Do we need latlons and lon, lat here? If I understand correctly, lon == latlons[:, 1] and lat == latlons[:, 0], which means we don't need lon, lat?

It's not so simple I'm afraid, I struggled with this a lot. After the meshgrid and flattening of latlons it becomes quite hard to get back to original lon, lat we need to properly reconstruct the DataArray.

latlons.shape (2500, 2) lon.shape (50,)

So no, lon != latlons[:, 1]. I've been thinking about easier ways but haven't found them as of yet.

hmm okay. I think this is probably (?) easier, especially considering we additionally apply the transformation. The latlons take up quite a bit of RAM, and for large tiles this might become an issue.

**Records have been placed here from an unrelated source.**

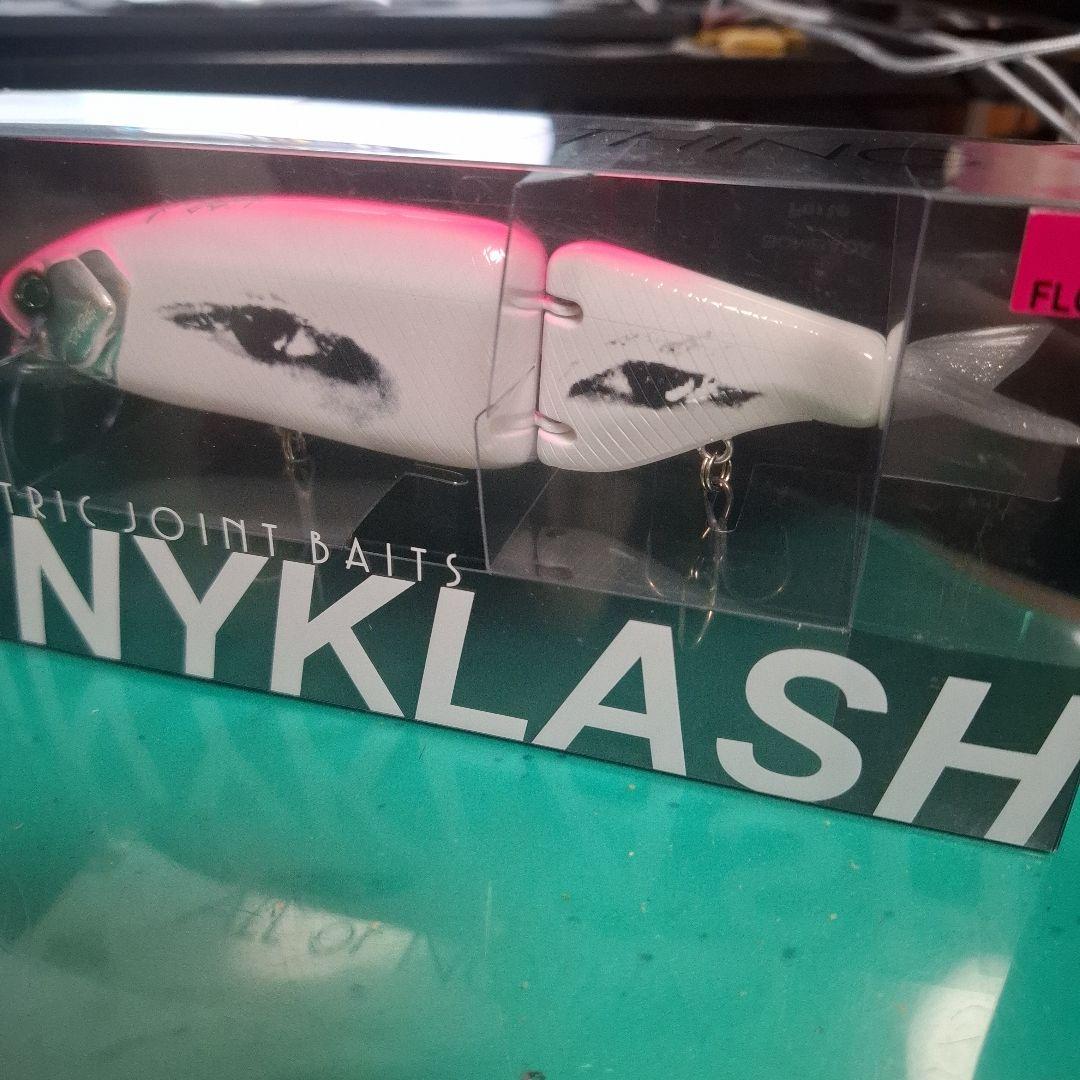 DRT タイニークラッシュ レベルアイ rebel eye replica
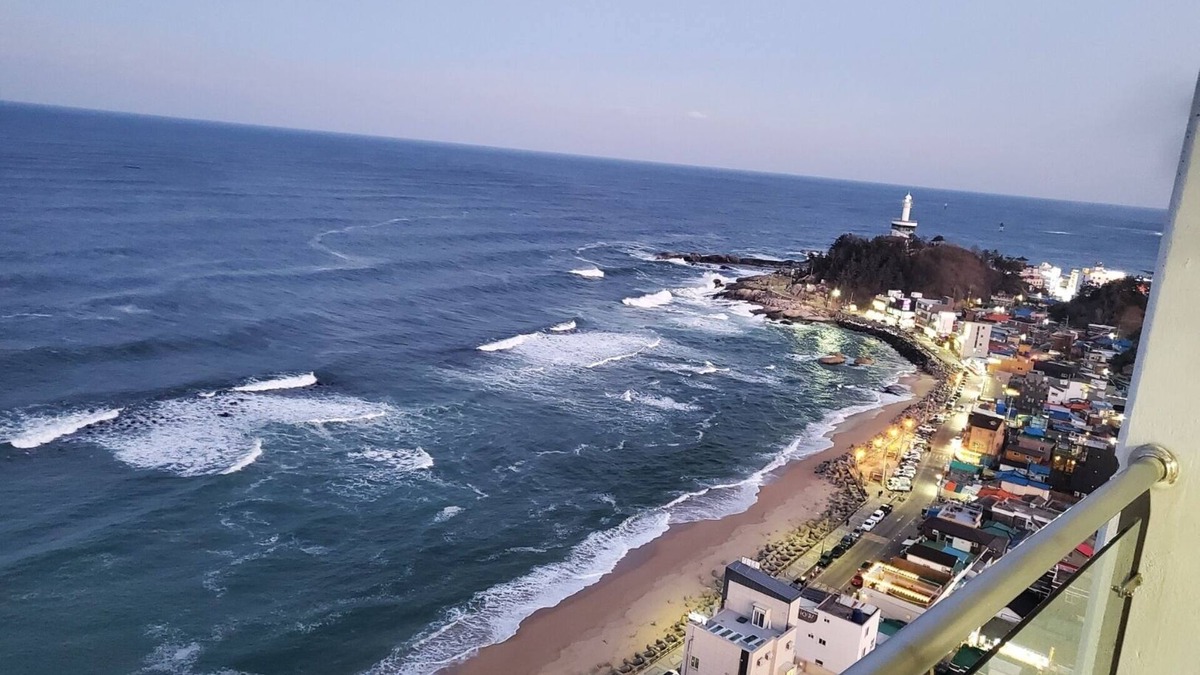 Sokcho Apartment | Light House beach, summitbay beachnBest Ocean View In Sokcho Cityn19/20 Floor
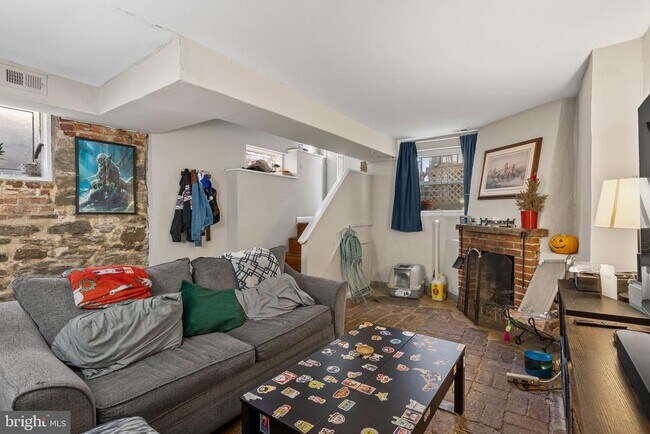 Building Photo - 787 S 3rd St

Just in case its useful here is some code to go from the flat latlons back to the original ones (but without the transformation):

import numpy as np from einops import rearrange org_lat = np.array([1, 2, 3]) org_lon = np.array([4, 5, 6, 7]) def to_flat_latlons(lat, lon): lon, lat = np.meshgrid(lon, lat) latlons = rearrange(np.stack([lat, lon]), "c x y -> (x y) c") return latlons def from_latlons(latlons): x = len(np.unique(latlons[:, 0])) y = len(np.unique(latlons[:, 1])) latlons = rearrange(latlons, "(x y) c -> c x y", x=x, y=y) lats, lons = latlons[0], latlons[1] return lats[:, 0], lons[0, ] output_lat, output_lon = from_latlons(to_flat_latlons(org_lat, org_lon)) assert np.equal(output_lon, org_lon).all() assert np.equal(output_lat, org_lat).all()

I wonder if its worth passing around the original lats and lons and only applying that transformation right before the model ingests the values

I hope i understood this well. Could you check if my latest commit address this the way you suggest it? Feel free to suggest to do it differently. Rest of the day, unfortunately I'm away. Will catch up tomorrow morning.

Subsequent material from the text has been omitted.